━━ AVAILABLE DATA ━━

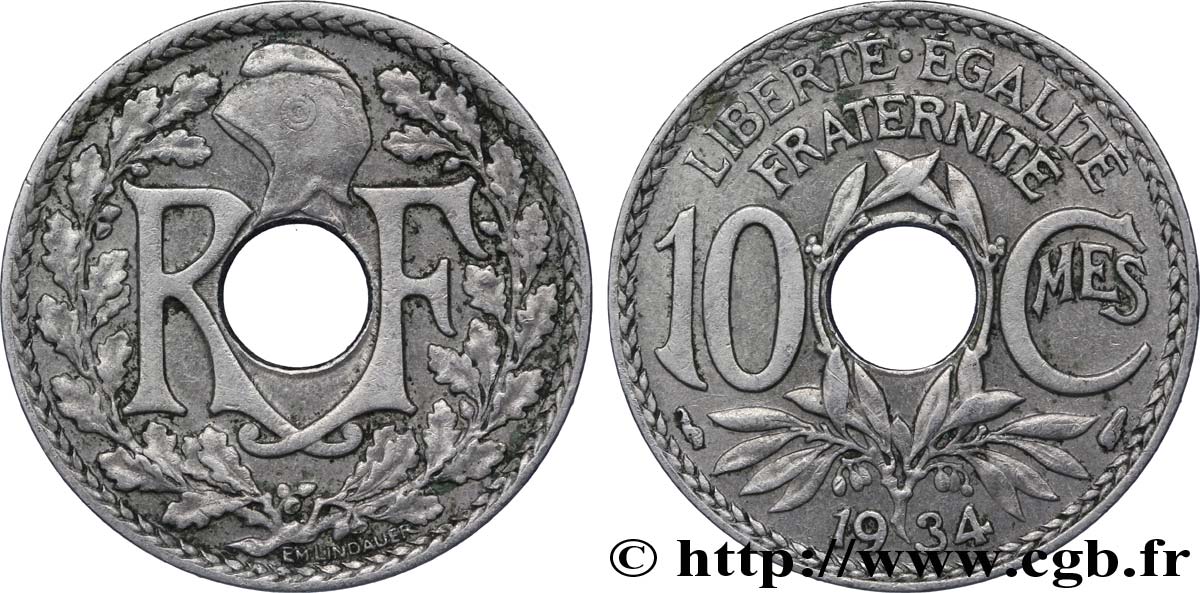 10 centimes Lindauer 1934  F.138/21 TTB40 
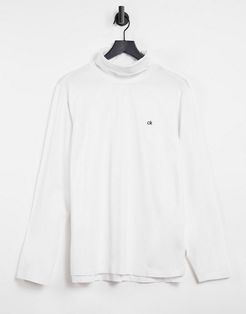 small logo roll neck long sleeve top in white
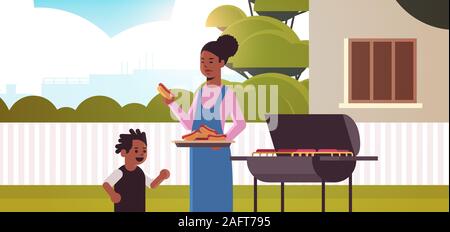 mother and son preparing hot dogs on grill happy african american family having fun backyard picnic barbecue party concept flat portrait horizontal vector illustration Stock Vector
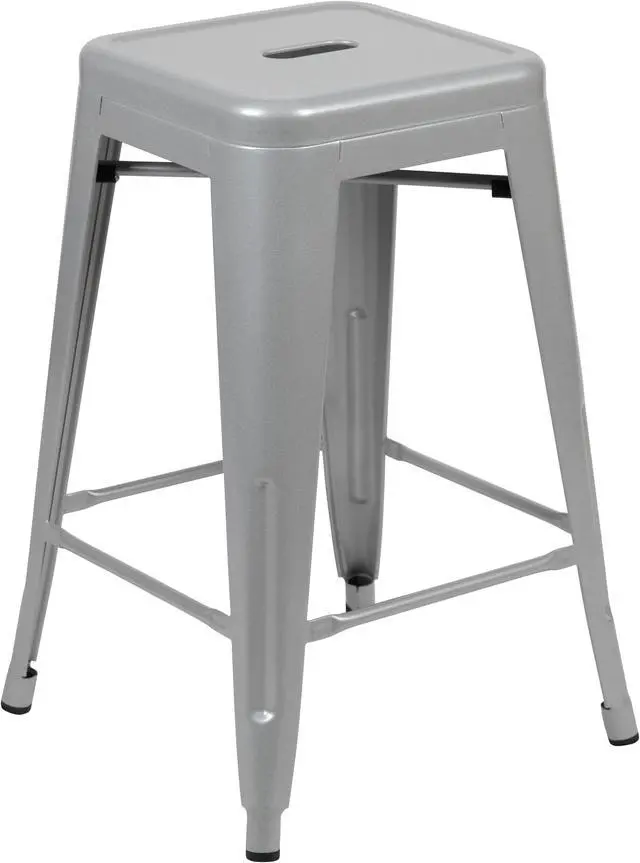 Alt view image 6 of 20 - 24" High Metal Counter-Height, Indoor Bar Stool in Silver - Stackable Set of 4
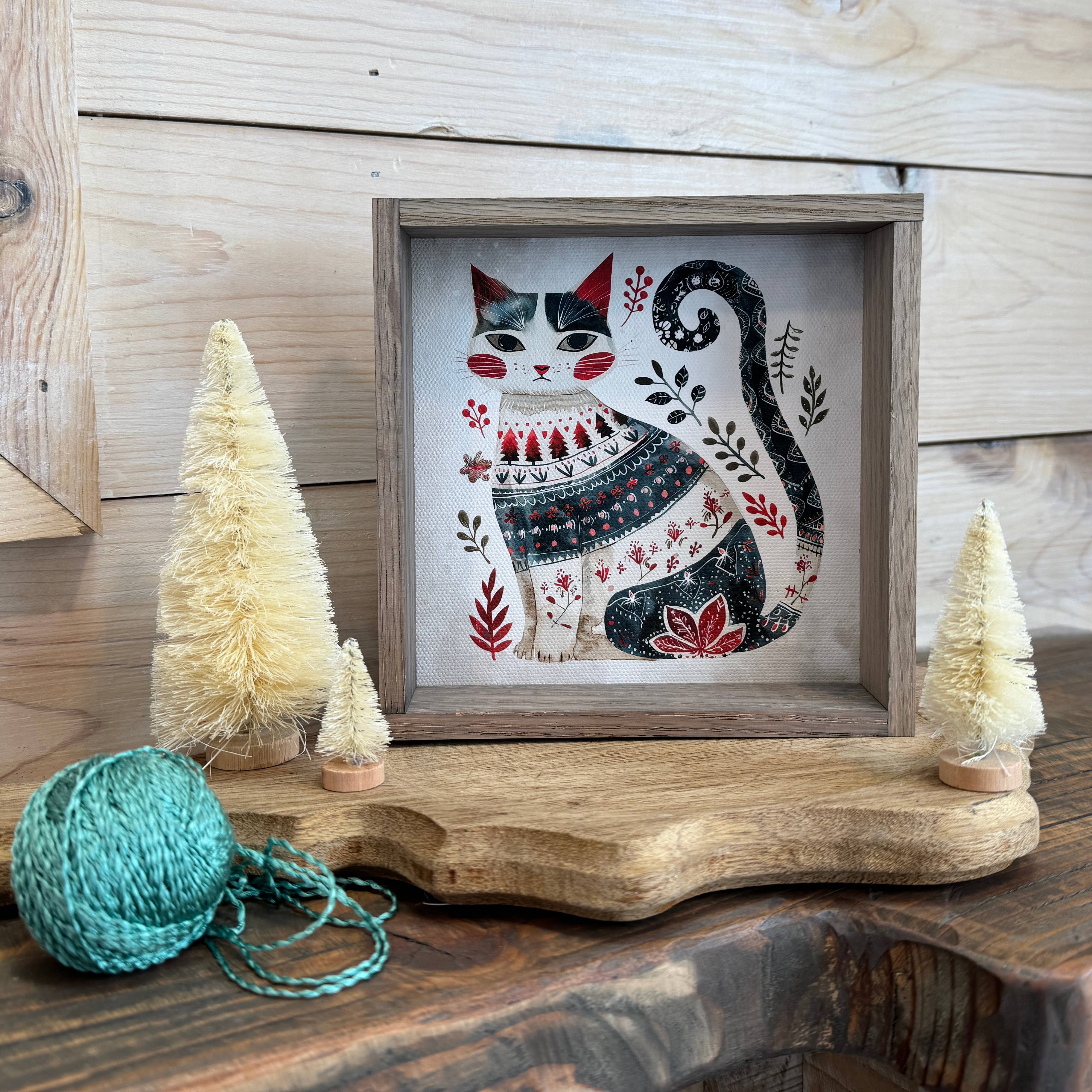 Scandi Watercolor Winter Cat - Winter Canvas Art - Framed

━━━

**BRIEF**
Restate each of the entries above word for word and skip every image.

**SOLUTION TO THE EXERCISE**
 10 centimes Lindauer 1934  F.138/21 TTB40 
 small logo roll neck long sleeve top in white
 mother and son preparing hot dogs on grill happy african american family having fun backyard picnic barbecue party concept flat portrait horizontal vector illustration Stock Vector
 Alt view image 6 of 20 - 24" High Metal Counter-Height, Indoor Bar Stool in Silver - Stackable Set of 4
 Scandi Watercolor Winter Cat - Winter Canvas Art - Framed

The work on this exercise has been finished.